The Chief Rabbit
(29 October - 7 November 2000)
7 November 2000
-Today, we get to find out (officially) that we have a new Fascist President. Wahoo. For fun's sake, check out how close my prediction of 2 months ago was to being right about the electoral college... we shall see how it holds up tonight.
-From a few days ago, Brandzy has dubbed me "the boy who cried sheep". He's actually using that slogan far too much nowadays.
-I'm writing cases like they're goin' outta style...
-So, it would seem that my new official job at the Library is finder-of-missing-books. Just because I found 6 last night, they think I'm some sort of highly skilled person in this regard. Frankly, I think I got lucky. But I keep finding 'em, so I'll take it - it's a more fun job than going book by book to make sure they're in order!
-Democracy is so antiquated.
6 November 2000
-Johnny needs initiative. Other than that, he's so good to go, it ain't funny.
-My Dad cracks me up. He's got a whole treatise... "Thank You for Not Voting".
-Man, if only I were as un-lonely as Brandzy appears to be. If only Brandzy had had some of the urgency-inspiring experiences as I appear to have had. If Brandzy & I combined, we could be hot stuff...
-So much of life is spent in this state... content, lonely, stable, focused. Hopeful. Alive, but unfortuantely not lively.
-Be afraid, be very afraid: I just was bored & done with my usual internet run (hunger site, fantasy basketball, links listed above, etc.), so I typed in something utterly random. Not only did this lead me to an ACTUAL website, but the website has been owned & operated under the name I typed in. It's not just a domain name waiting to be snapped up, it's been a-snapped. Click here to see the source of fear.
-Beantown's 2-dimensional today. I mean, it LOOKS that way. It probably ALWAYS is that way. You know what I mean.
-Hirsch's class was silly today! Simply silly!! Ay, I can barely handle it...
-That'd Be Us. See?
5 November 2000
-Well, it was Parent's Weekend after all. If we can't have the parents come, Ariela makes a decent substitute in many ways, I s'pose.
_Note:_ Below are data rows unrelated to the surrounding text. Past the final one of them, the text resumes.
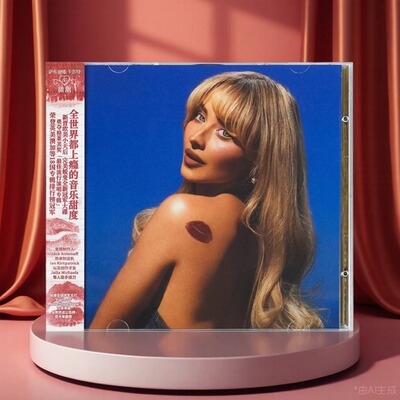 现货 匠妹新专辑 微甜 Short n' Sweet Sabrina Carpenter CD唱片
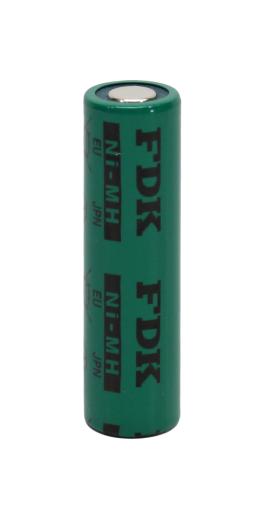 HR-AAU NiMH 1.2V/1500mAh min / 1650mAh typ. 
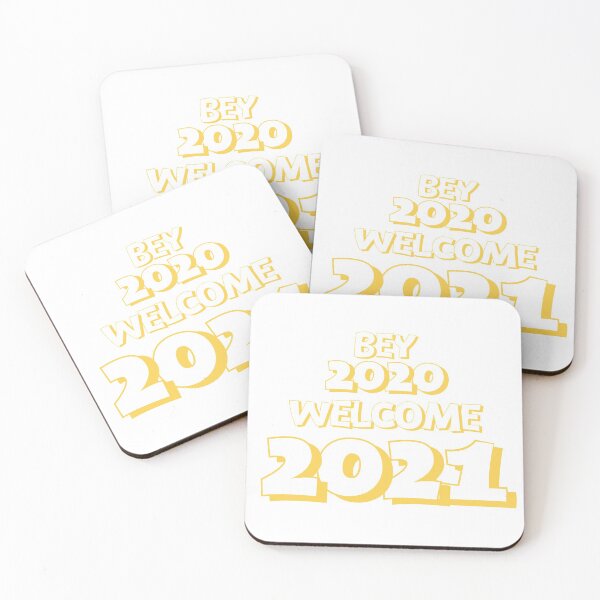 Item preview, Bye 2020 Welcome 2021 - Simple Text designed and sold by PandaSoul.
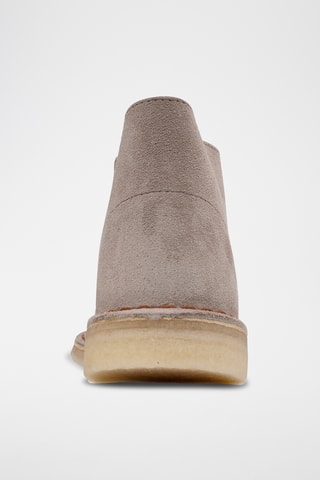 Bottines en nubuck Desert - Beige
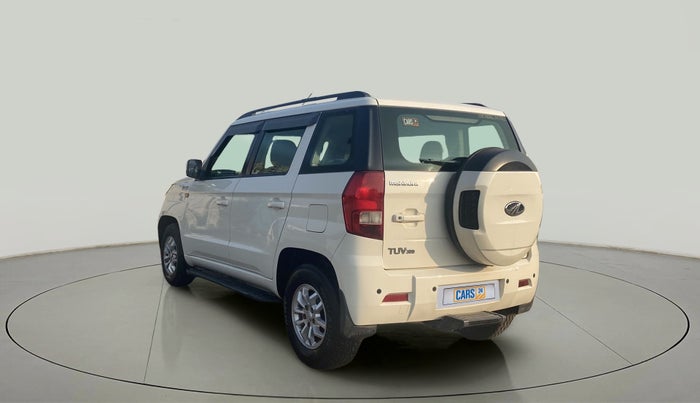 2018 Mahindra TUV300 T8, Diesel, Manual, 94,455 km, Left Back Diagonal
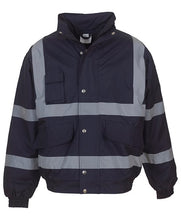 Load image into Gallery viewer, Yoko Hi-Vis Classic Bomber Jacket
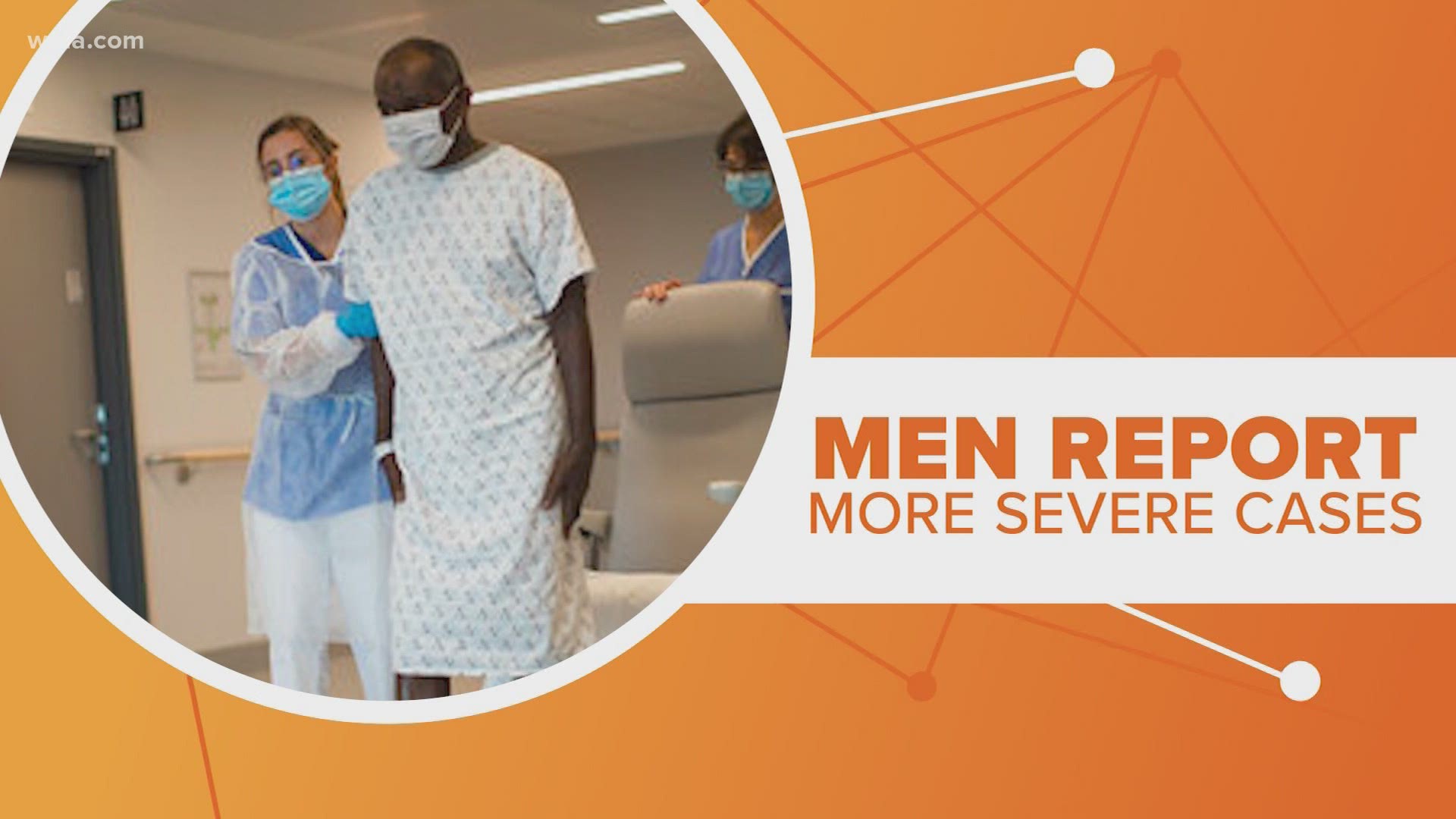 Studies show that men and women contract COVID-19 in equal numbers. However, new research finds more men are dying from the disease.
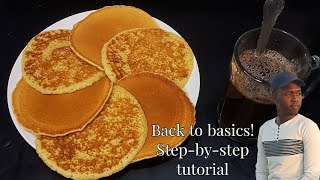 Fluffy pancake recipe  How to make pancakes  Vanilla pancake recipe  Pancake recipe [upl. by Ryley391]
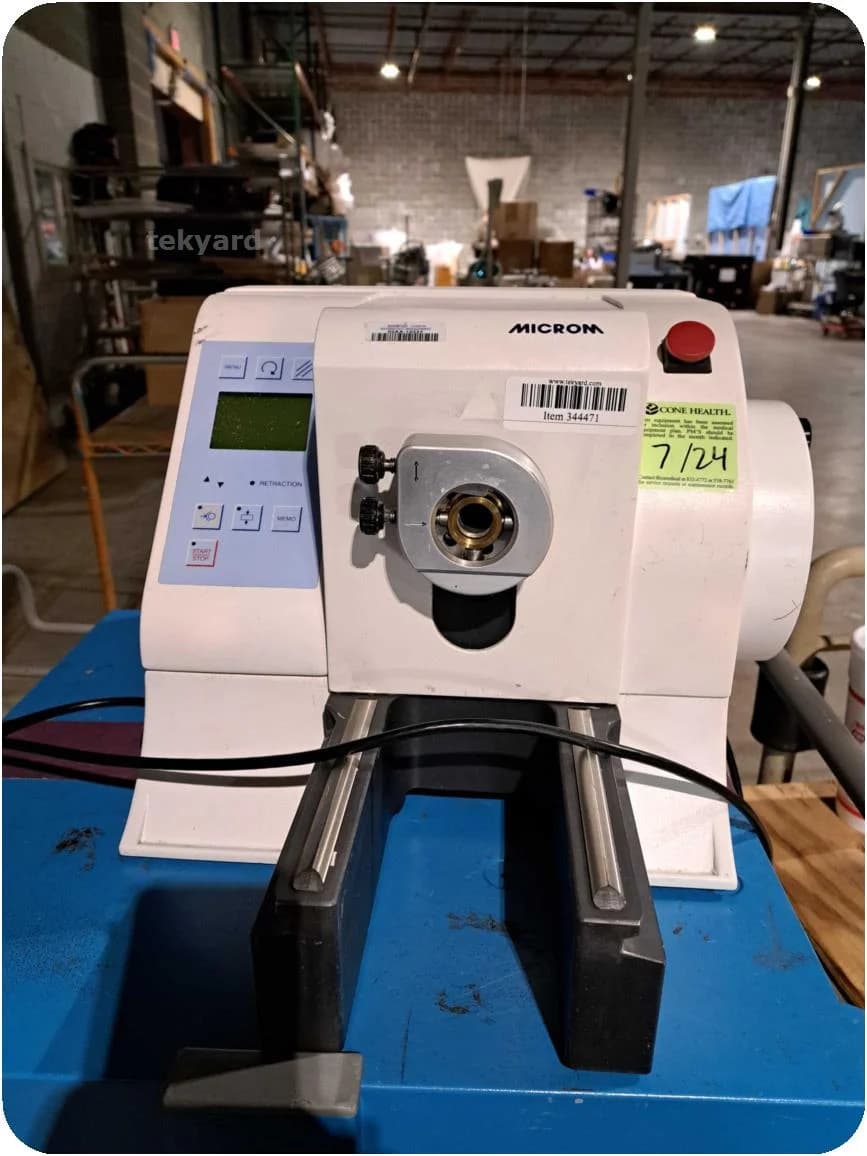MICROM HM 355S2 Microtome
-I guess that resolves that.
-My window, between the clouds, the gentle sheets of rain, the fall colored trees, & the colonial buildings of Waltham, looks alarmingly like a stereotypical New England catalog cover. Good Lord, I'm living in a painting.
-That kid worries me a lot. But I think that's part of the idea.
-The nature of peoples' communication is so integrally revealing as to the nature of everything else about them. I'm almost tempted to adopt an East Asian linguistic approach & declare that people are not stable entities, but facets of their actions... basically, to say that individuals are not nouns, but verbs. I find it very compelling when multifarious forms of communication are the verb(s) in question.
4 November 2000
-5-0, 273. That'd be us.
-Screw this whole winning & losing business. It's just not that important. & it's not really going to work out, or at least often won't. Fletch was so surprised by my level of fatalism about it all, but I think he just missed the point that if I expect the worst & become comfortable with it, it makes everything more filled by perspective.
-If he doesn't watch out, Brandzy's about to find himself floating in the waters off Salem as far as this debate team is concerned. Comprende?
-I'm tired of contention. I'm ready for some support.
3 November 2000
-Barring something really weird, this will be the weekend where Zirkin surpasses Steve as my all-time most debated-with partner. Steve & I shared 42 rounds, whereas Zirk & I are currently at 39. We'd better have more than 5 rounds this weekend, which will lead to said result. That's kinda bittersweet, all told.
-So much weirdness. That's all.
2 November 2000
-I love Wednesday nights & Thursday mornings. Free time!
-Now THAT is funny. She's really trying hard to get me to fall without even knowing it. I love it when people are clever & gutsy at the same time.
-Okay, so I've expanded the historical posterity quest a bit. In the Archive section (linked above), you can now see the 30 Waltham Weeklies I wrote over the course of the first couple years of college. Most of you have already seen 'em, but since they were the natural predecessor of this Intro' venture, I figured I'd display them in the same Archive as a chronicle of my 'Deisian existence. Just for reference's sake. Since I might not be taking any more history classes at this school, I have to do some research, right?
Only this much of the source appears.